For a small fee, each of these companies organizes and stores your online life.  Every so often, they ask that you check in to remind them that you are still alive...if that fails, and is properly verified (one site even needs two living verifiers!), you account with the permissions you sent upon your death is "executed" (no pun intended).  Accounts are closed, video game avatars are given to friends, and messages are sent out.  Total control before you lose all control.

Aside from being incredibly depressing and sad to think about, there is some merit in the regulation of our online identities and all that goes with it.  Many of us barely manage them in our living lives now...signing up for random sites, creating multiple identities on social networking sites, and uploading thousands of photos to the web.  When we are gone...who will manage these?  Delete them?  Save them and create a legacy, in the way that many facebook and myspace pages for people that have passed away are becoming a shrine? 

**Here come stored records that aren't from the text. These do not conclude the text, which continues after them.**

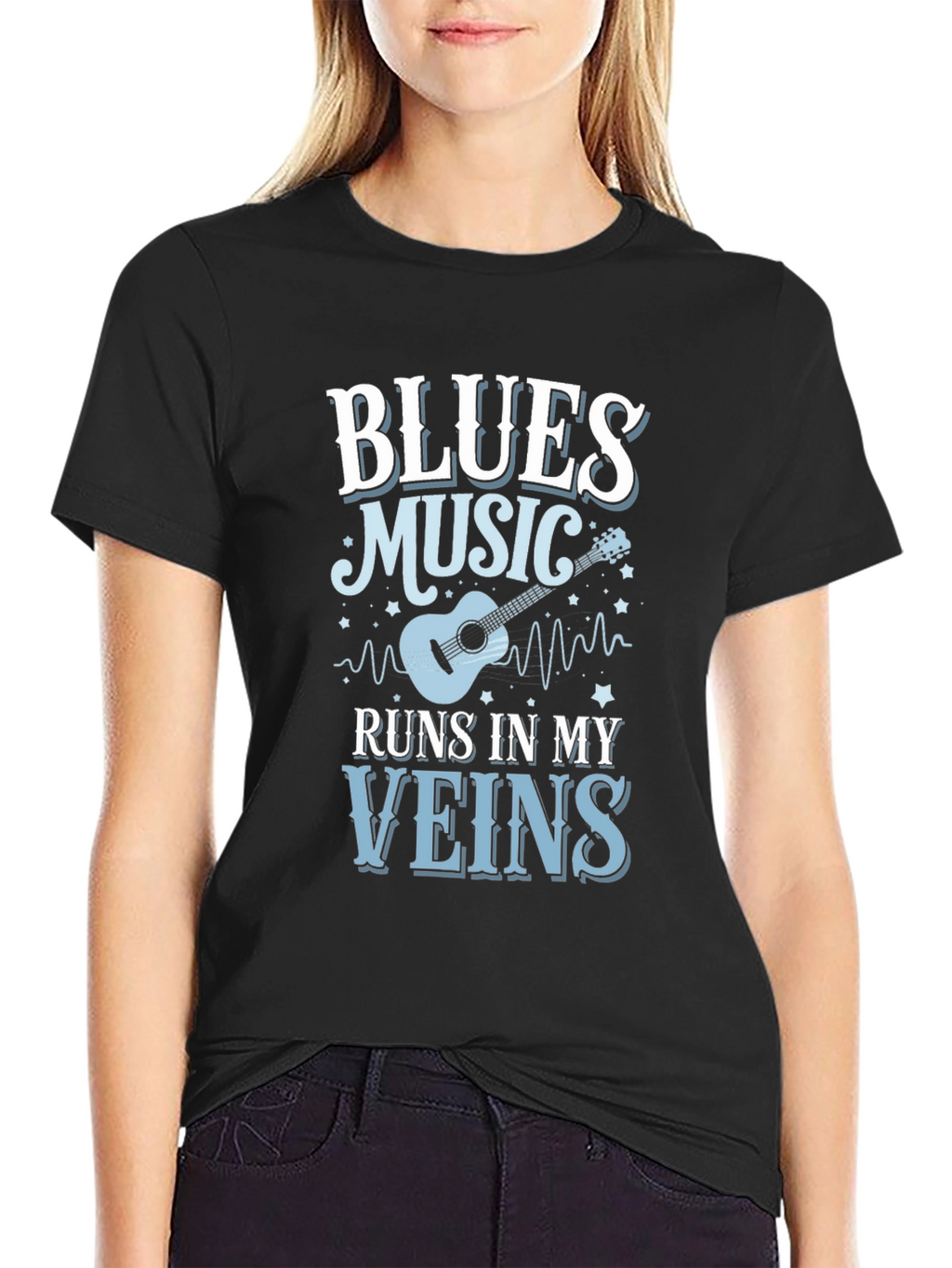 Blues Music Runs In My Veins T-Shirt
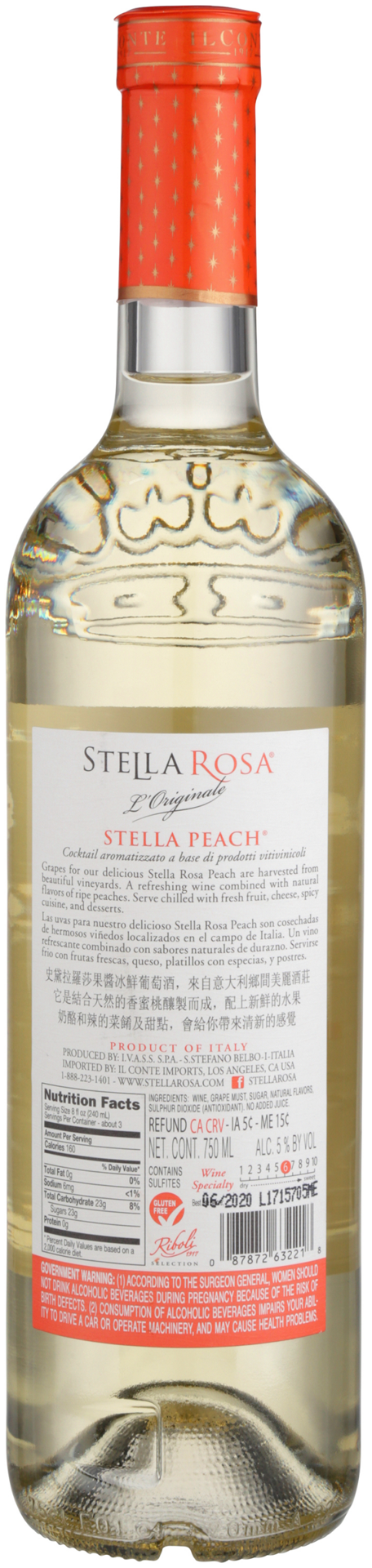 slide 14 of 23, Stella Rosa Peach Semi-Sweet White Wine 750mL, 25.4 fl oz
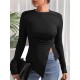 Asymmetric Solid Color Split-Side Long Sleeves Skinny Round-Neck T-Shirts Tops Asymmetric Solid Color Split-Side Long Sleeves Skinny Round-Neck T-Shirts Tops
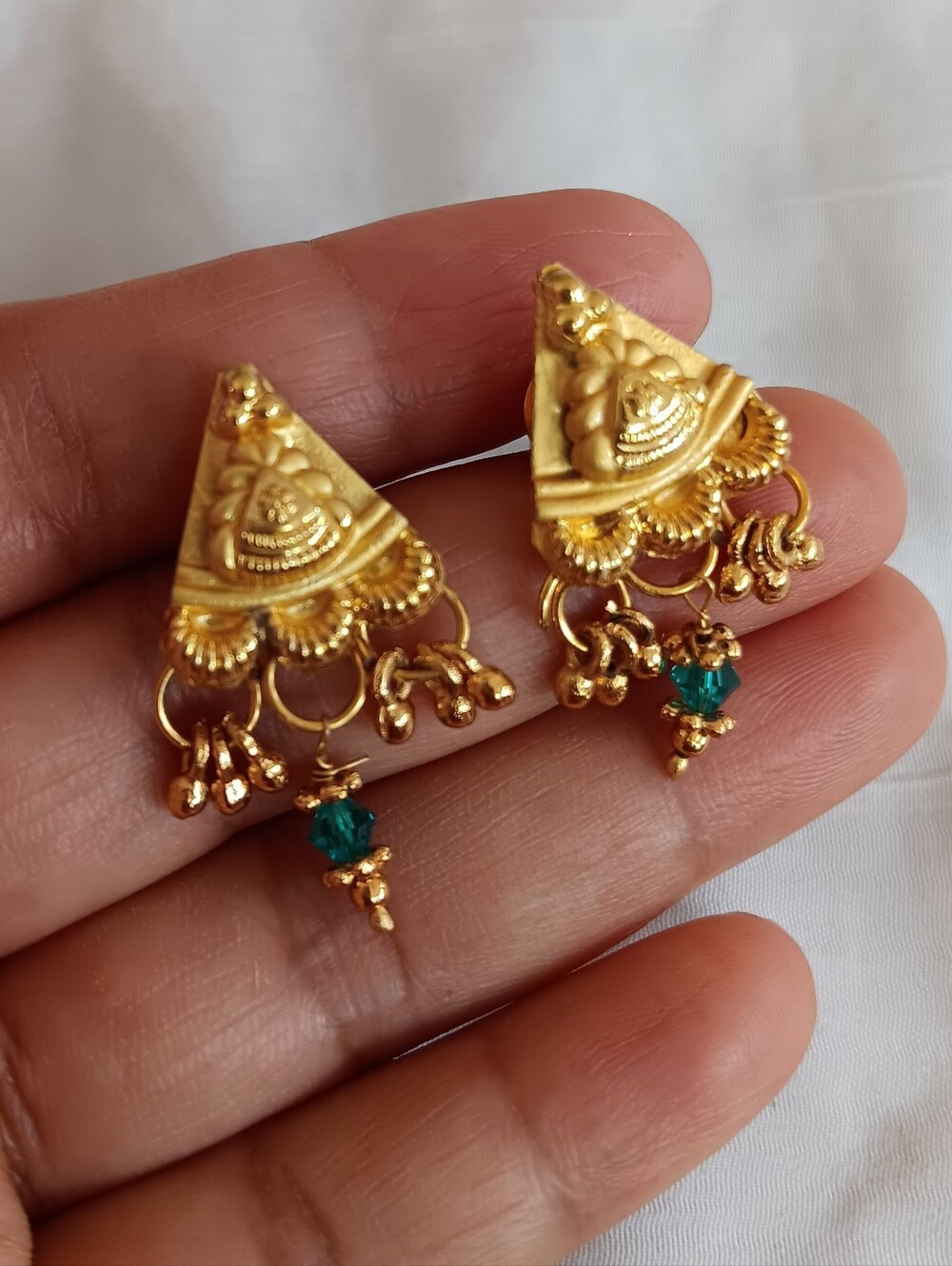 Gold-Triangle Jhumka Earrings with Emerald Accent - Women Jewelry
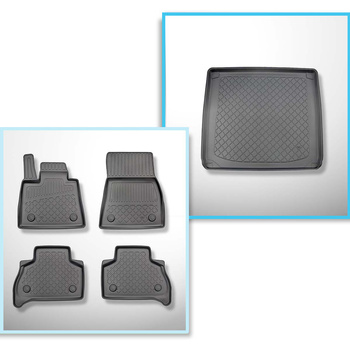 Kit tapis de coffre et tapis de voiture TPE pour: BMW X5 G05 SAV (11.2018-....) - 5 places; sans store électrique; sans 3ème rangée; aussi avec boîte hybride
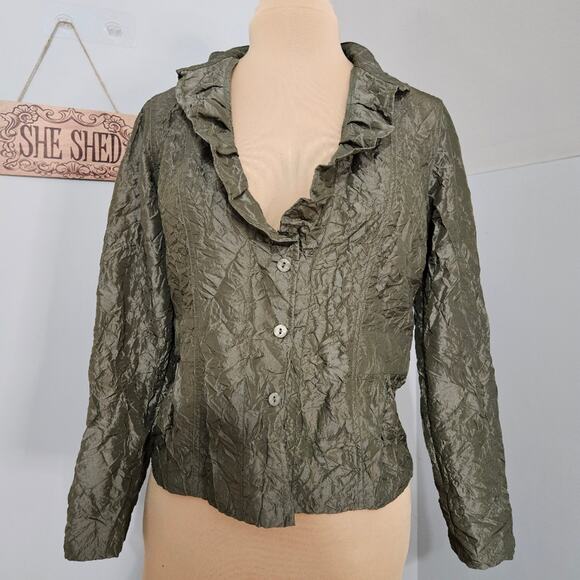 Chico's Olive Green Jacket Crinkle Textured Womens Medium Ruffled Career Mature - Picture 3 of 13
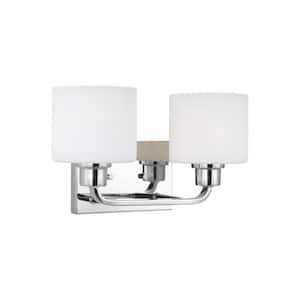 Canfield 14.25 in. 2-Light Chrome Minimalist Modern Wall Bathroom Vanity Light with Etched White Glass Shades
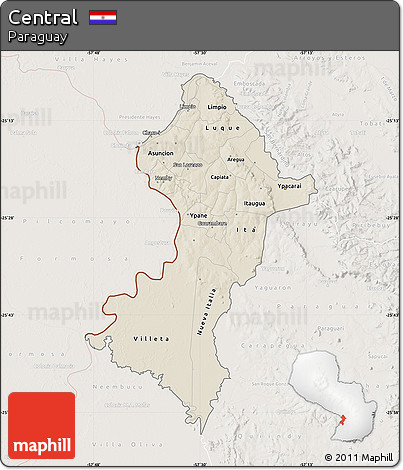 Shaded Relief Map of Central, lighten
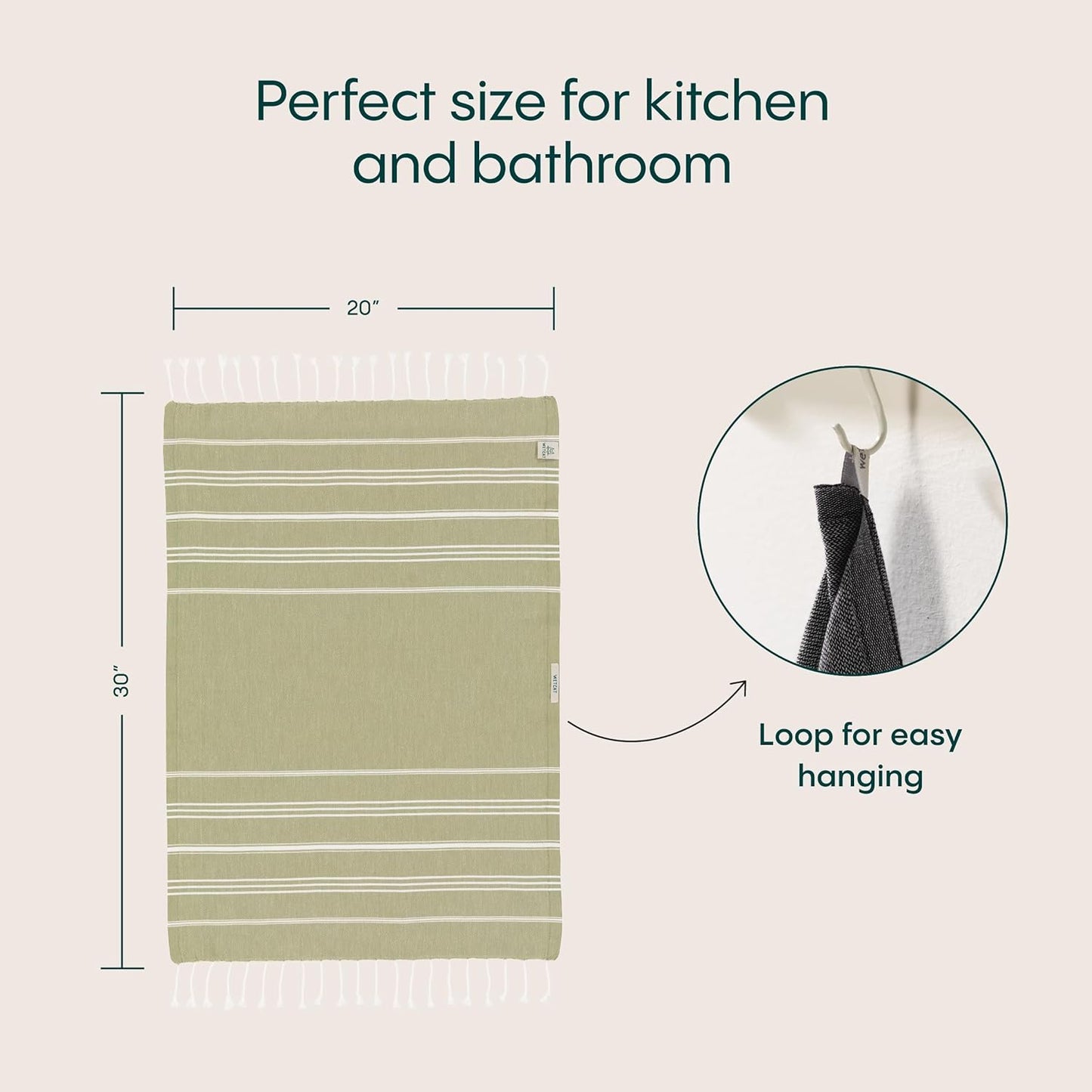 WETCAT Turkish Hand Towels with Hanging Loop, Set of 2 (20" x 30") 100% Turkish Cotton, Pre-Washed, Quick Drying, for Kitchen or Bathroom - Sage Green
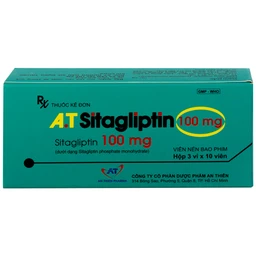 Thuốc A.T Sitagliptin 100 mg An Thiên cải thiện kiểm soát đường huyết (3 vỉ x 10 viên)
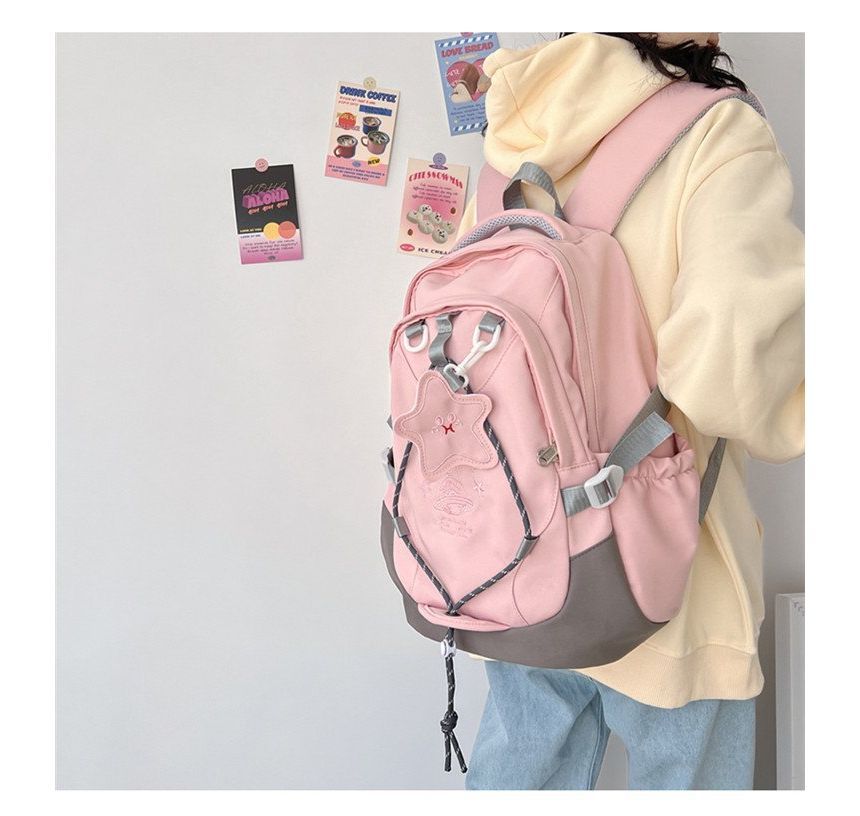 Cartoon Embroidered Multi-Pocket Backpack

Or maybe we can finally get to say that last word to someone.  Maybe it is not a bad thing after all.

But what about the other, more neferious sides of us that exist on the web, when paired with the opportunities these services offer?   Passwords and facebook accounts are one thing.  But sending out emails that tell off someone once and for all, that they can never reply to?  Or having triggered messages that admit things that maybe we just shouldn't to others.  Having grandiose visions of creating our digital life after we are gone, that may sound silly if we really think about it?

These services, I feel, are the first volley in a heated debate that will continue on - as our digital lives get larger, we will need to manage them, and ensure they stay the way we want them to...or are deleted when their time is up.  And as our physical lives get shorter, that time may be coming quickly.